Robert Buchanan’s hand reached out and touched hers across the glass-topped table. ‘Liza, I wouldn’t be making this offer if I didn’t think you were right for it.’
‘But you don’t even know me!’ Liza argued, drawing her hand away from his.
‘I don’t know half of my staff but I know about them, just as I know that your qualifications and your flair are right for the job. I’ve done my homework. You have communication talent, a shrewd head on your shoulders. You don’t take any nonsense from anyone—you proved that with your attitude towards me.’
‘I was rude to you,’ she admitted, lowering her head.
‘Not without cause. I made a tactless remark in front of people whose nerves were already on a knife-edge.’
She admired him for admitting to that, but it didn’t change her opinion of him. He was ruthless. By what she had read about him, she knew he would dispense with the majority of the staff she had worked alongside. He wouldn’t tolerate John Standish’s ineptitude; he’d be on the next dole queue without a doubt. And what would become of her if she didn’t jump when he commanded? He’d fire her without a qualm if she didn’t prove her worth. But with a negative attitude like that she wouldn’t go far in this world, she reasoned miserably.
‘I’ll quadruple your present salary.’ He picked up his fork and proceeded to finish his lunch.
Liza watched him, cat-like. Money. Did he think it could be as easy as that?
‘That’s some carrot you’re dangling.’
‘Take it, before I offer it elsewhere,’ he told her coldly.
He obviously thought she was playing hard to get. ‘Why me?’ she challenged. ‘It’s a heavyweight job, more suited to a man, I would have thought.’
‘Most of my magazine staff are women. I like women. Don’t you read the gossip columns?’ He raised a sardonic black brow, questioning her.
‘I read them, but I can hardly believe any man has the libido you are credited with.’
He smiled at that, a white smile that had melted many a foolish heart. Liza was unaffected by it, her iron resolve to stave off all men for life forcing her heart to granite hardness.
‘I enjoy the publicity more than I do the women I’m supposed to have bedded. I’m a confirmed bachelor, you see,’ he told her with a hint of a sparkle to his dark eyes.
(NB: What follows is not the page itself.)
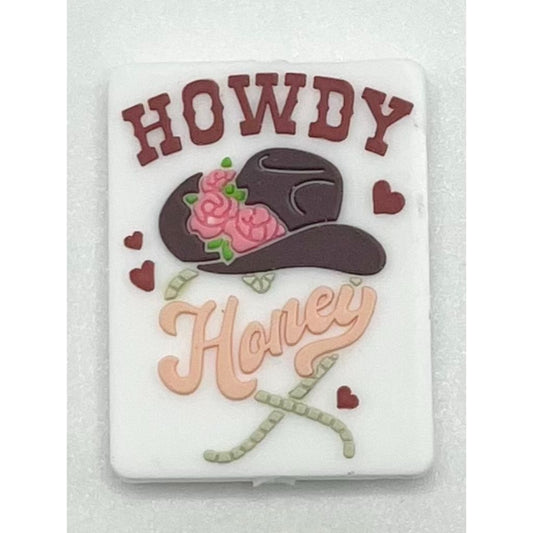 Howdy Honey Silicone Focal Beads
‘And I’m a confirmed spinster, so you and I just might get along.’ She presented a sweet smile with that sweeping statement.
‘One of the lesser reasons why I picked you for the job. You have the reputation for having a hard heart, Liza. No emotional involvement, not even an occasional bonding to while away a lonely night. You’re good executive material. Graham Bond did a sterling heart-hardening job on you all right, didn’t he?’